→ **TASK REQUIREMENTS**
The entries are to be repeated exactly, with all pictures omitted.

→ **Brief descriptive captions**
----------

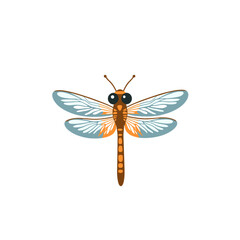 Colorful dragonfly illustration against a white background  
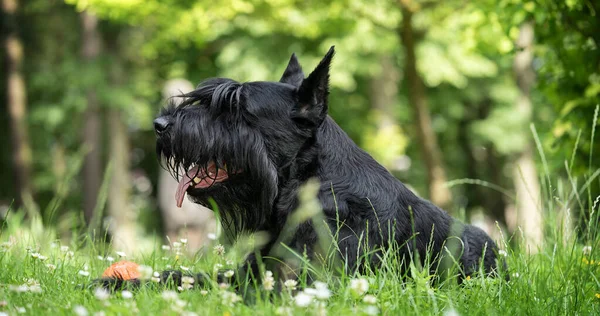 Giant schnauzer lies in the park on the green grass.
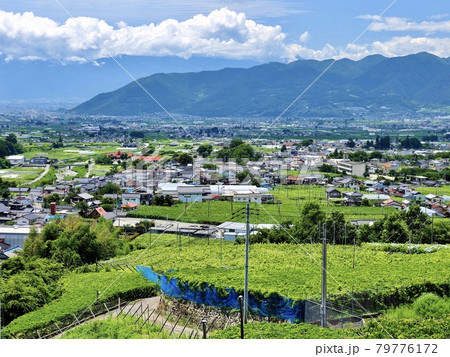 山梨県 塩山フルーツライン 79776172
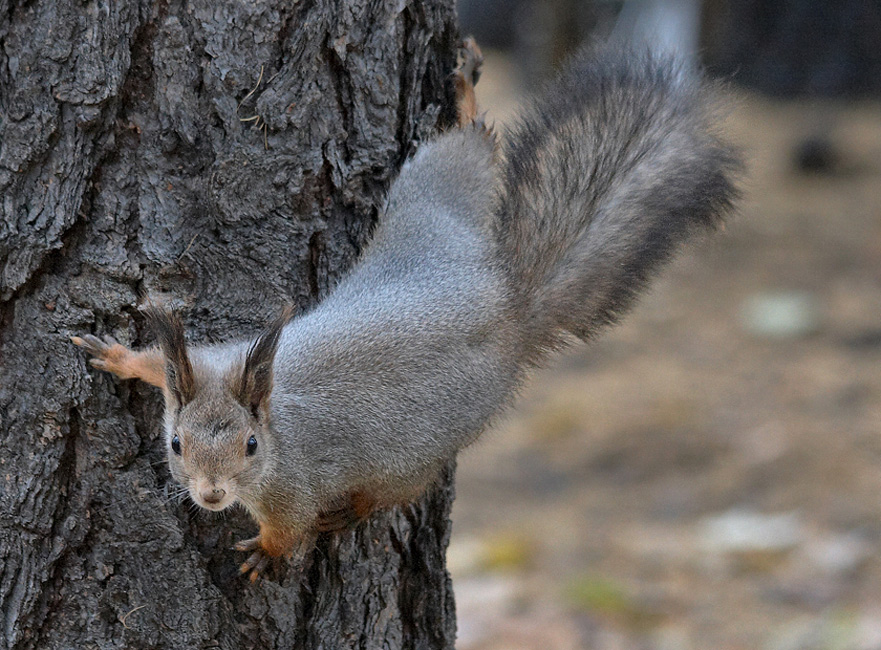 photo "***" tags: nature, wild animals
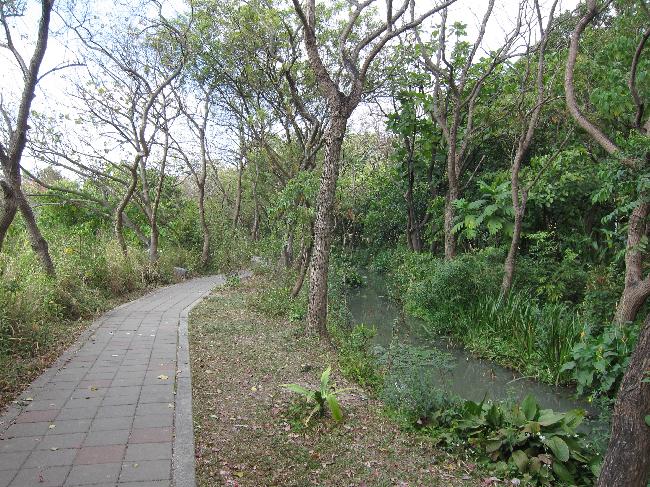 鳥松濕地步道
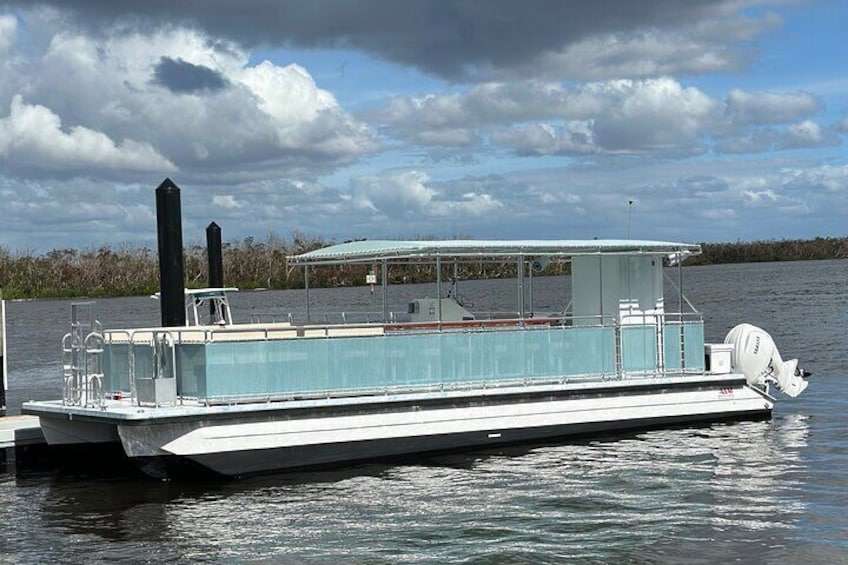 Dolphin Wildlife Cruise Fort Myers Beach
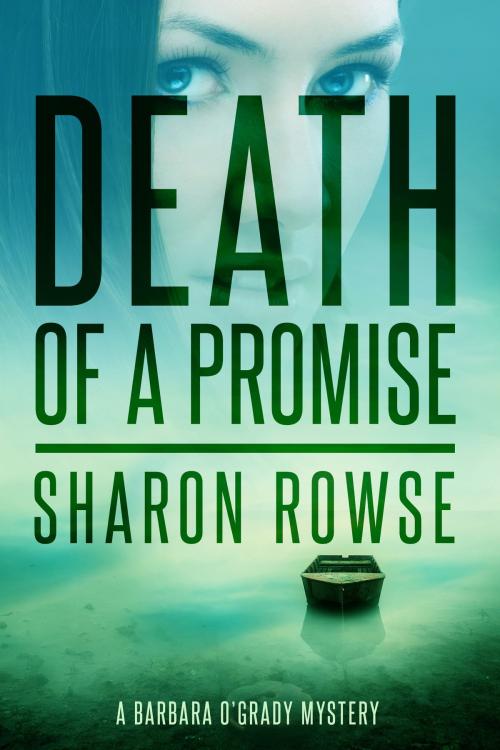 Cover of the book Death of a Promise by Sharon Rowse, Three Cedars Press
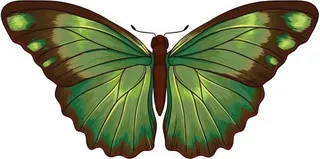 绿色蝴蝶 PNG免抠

----------

→ **WRITTEN ANSWER**
 Colorful dragonfly illustration against a white background  
 Giant schnauzer lies in the park on the green grass.
 山梨県 塩山フルーツライン 79776172
 photo "***" tags: nature, wild animals
 鳥松濕地步道
 Dolphin Wildlife Cruise Fort Myers Beach
 Cover of the book Death of a Promise by Sharon Rowse, Three Cedars Press
 绿色蝴蝶 PNG免抠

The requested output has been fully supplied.